Wednesday, October 16, 2024

How Technology Makes Humans Dumber

At first, this title makes no sense. How would something that helped humans to travel to the Moon be bad for us? And no, I will not try to sell the even dumber argument about how recording telephone numbers on a smartphone makes us less capable of recording a number ourselves. Hang on for a while, I will try to show you something.

As my high school sociology teacher used to say, technology is anything that helps a living being do something. One can think of cars as a technology that helps us with transportation, or cell phones that help us communicate. However, the dark side is that any kind of technology makes something that takes time into something fast. Even though this speed is required for us to develop more complex things, did God make us to work that fast?

Think about it, the first homo sapiens ever discovered dates 300.000 years back, but to be fair the oldest being with similar creative capabilities such as creating art, trades, ornaments, or burial rites are 30.000 years old. At a time when not even agriculture existed, I assume we had just some basic daily activities, such as standing at the side of the community to protect others, walking for ours to get food, and collecting sticks for a fire. The same brain used only for those basic activities is used today to create abstract options like algorithms or marketing strategies, even though it was never developed to do so. Evolution acted upon our brain considering that we had only to do basic reasoning and had a lot of time to plan things.

Back then we had a lot of time to use for simple tasks which created a lot of idle time that could be used to consider options, plan the future, and have ideas. But as more technology is created, the less boring tasks we have during the they, therefore less idle time to occupy our brains with planning types of thoughts.
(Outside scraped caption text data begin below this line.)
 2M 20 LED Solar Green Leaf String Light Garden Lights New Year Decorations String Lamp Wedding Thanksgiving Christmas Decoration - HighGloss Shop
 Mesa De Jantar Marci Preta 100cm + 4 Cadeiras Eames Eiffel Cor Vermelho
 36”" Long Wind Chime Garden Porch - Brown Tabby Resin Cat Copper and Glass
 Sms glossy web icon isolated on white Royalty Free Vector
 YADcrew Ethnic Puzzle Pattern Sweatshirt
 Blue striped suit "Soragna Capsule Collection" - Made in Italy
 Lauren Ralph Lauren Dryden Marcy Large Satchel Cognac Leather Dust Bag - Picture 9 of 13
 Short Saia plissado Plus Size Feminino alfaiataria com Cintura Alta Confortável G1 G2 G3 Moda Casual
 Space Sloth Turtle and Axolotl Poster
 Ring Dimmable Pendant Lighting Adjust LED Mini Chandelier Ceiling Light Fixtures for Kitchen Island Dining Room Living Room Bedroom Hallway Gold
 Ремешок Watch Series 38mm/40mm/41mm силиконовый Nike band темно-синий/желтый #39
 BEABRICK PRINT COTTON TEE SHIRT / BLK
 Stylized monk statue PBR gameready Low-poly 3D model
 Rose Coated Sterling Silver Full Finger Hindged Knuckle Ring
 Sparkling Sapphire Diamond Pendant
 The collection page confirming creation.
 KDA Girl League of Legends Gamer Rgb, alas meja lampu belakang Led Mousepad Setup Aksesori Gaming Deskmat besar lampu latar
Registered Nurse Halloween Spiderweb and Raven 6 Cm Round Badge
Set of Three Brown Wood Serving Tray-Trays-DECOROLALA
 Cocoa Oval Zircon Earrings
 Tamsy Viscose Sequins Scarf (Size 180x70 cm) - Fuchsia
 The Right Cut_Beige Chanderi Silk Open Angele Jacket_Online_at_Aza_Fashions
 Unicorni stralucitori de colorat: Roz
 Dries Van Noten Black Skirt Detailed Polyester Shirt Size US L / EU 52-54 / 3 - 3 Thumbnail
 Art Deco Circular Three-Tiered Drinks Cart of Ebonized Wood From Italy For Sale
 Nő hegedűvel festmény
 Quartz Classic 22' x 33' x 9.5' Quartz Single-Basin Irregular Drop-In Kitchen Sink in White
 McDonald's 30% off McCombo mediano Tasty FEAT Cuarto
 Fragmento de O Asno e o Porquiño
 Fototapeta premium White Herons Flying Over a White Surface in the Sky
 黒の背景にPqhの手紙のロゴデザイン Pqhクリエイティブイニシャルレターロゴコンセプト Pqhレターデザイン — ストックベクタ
Nowadays, I argue that the peacefulness that the Church brings to its followers is another word for the sentiment of spending one week hour of boredom, which might be the only idle time the Christian might have in the whole week. All the remaining time of the week might be filled with video calls, social media interaction, and entertainment consumption. 

As time went on, we seemed to have lost the idea that spending time doing nothing, or just doing some boring manual labor, can actually be a good thing because it allows us to think of life in a more general way. That kind of feeling might also be essential to bring us a feeling of control and safety.

Right now we have so much we can do at all times, that the only moment you have to consider something is at the Sunday mass, which is probably the only time you have to spend time doing nothing. Doing nothing was basically intrinsic to human capabilities, and even though we have some of that while washing the dishes, how would a human being that lives nowadays know that it needs 7 hours of doing nothing, just like its predecessor had when spent the whole day manually farming the land.

Without it, I argue that we will have an increasing amount of psychological problems, caused by the lack of confidence and planning that being bored allows us to feel. Even though we have known about this fact since WALL-E came up, nobody seems to pay attention to it and really spend time doing nothing to help with life understanding. Because of that we essentially keep spending time on trivial/immediate decisions and never think something through.